When Christians like me, from a modernist generational background, read the Bible we are often influenced by rationalist methods and approaches. Like Merritt, I too grew up on this method, indeed I taught it for decades. If you wanted to know what God says you simply study the Bible and find the answer and there it is, the case is closed. This offered so much certitude and closed all new inquiry, to a greater or lesser extent.

Jonathan Merritt concludes:

But rising generations–perhaps as a result of the influence of postmodernism–are falling in love with the Bible’s overarching narrative. That’s why so many people today talk about ‘the story of God’ or the Bible’s ‘grand narrative.’ Not that they are rejecting the idea that the Bible holds propositional truths or are fleeing biblical literalism–they aren’t–rather, they want to enter the Bible, wrestle with its full message, and try to embody it daily (129-30).

What is the point to all this? Merritt’s answer is nothing more or less than classical Christianity if the reader follows what he is actually saying. He believes that such a reading sees that the Bible clearly has a climax and that this climax is in the person of Jesus! “Everything in the Scripture points to Christ and everything speaks of Christ” (130). I have been saying this for at least three decades now. My generation, on the whole, will not listen. They cling to moralism as if this was the biblical message. But the paradigm is very clear–Jesus is the Christ, the Son of the living God. He is the beginning, the middle and the end of all knowledge and life. Put another way, this taking very seriously the “follow me” Jesus issued to his first followers. Jesus changes how we live, “even down to our advocacy in the public square” (130). Quoting Gabe Lyons in The Next Christians, the future of American Christianity is that the gospel “is the foundational assertion of the Bible–the driving motivation for everything we do.” (132). And this gospel must be integrated into our entire life; i.e. how we consume goods and services, spend our leisure time and pursue our vocation. When we apply the gospel to every aspect of life, “their perspectives and priorities change” (133).
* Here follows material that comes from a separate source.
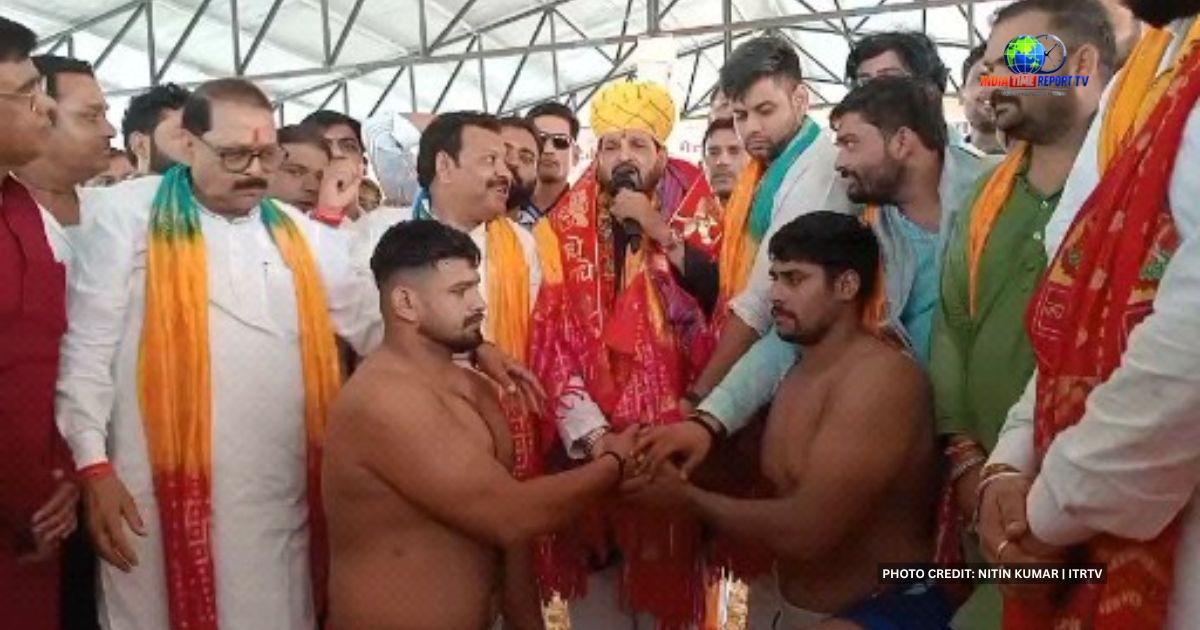 हाथरस में कुश्ती दंगल के उद्घाटन के दौरान पहलवानों के साथ बृजभूषण शरण सिंह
In one of most succinct statements about the impact of this way of thinking I have encountered Jonathan Merritt concludes:

When Christians realize that the gospel is central to the Christian mission and begin applying it to every aspect of life, perspectives and priorities radically change. The culture-warring Christian, for example, rushes off to fight the “war on Christmas” and force employees at Target to quit saying, “Happy Holidays.” A gospel-centered Christian says, “Christmas in American has little to do with the incarnation of Christ anyway. Let’s focus our energies on what’s really important.” The former believes we must forcibly change society to give us hope for a better future; the latter realizes that the only path to a better future runs through the good news of Jesus Christ (133).

The central difference is that today’s Christians have decided to stop separating from culture, to stop condemning it and to begin to engage with it. To my generation this looks like compromise. To the millennials this looks like mission.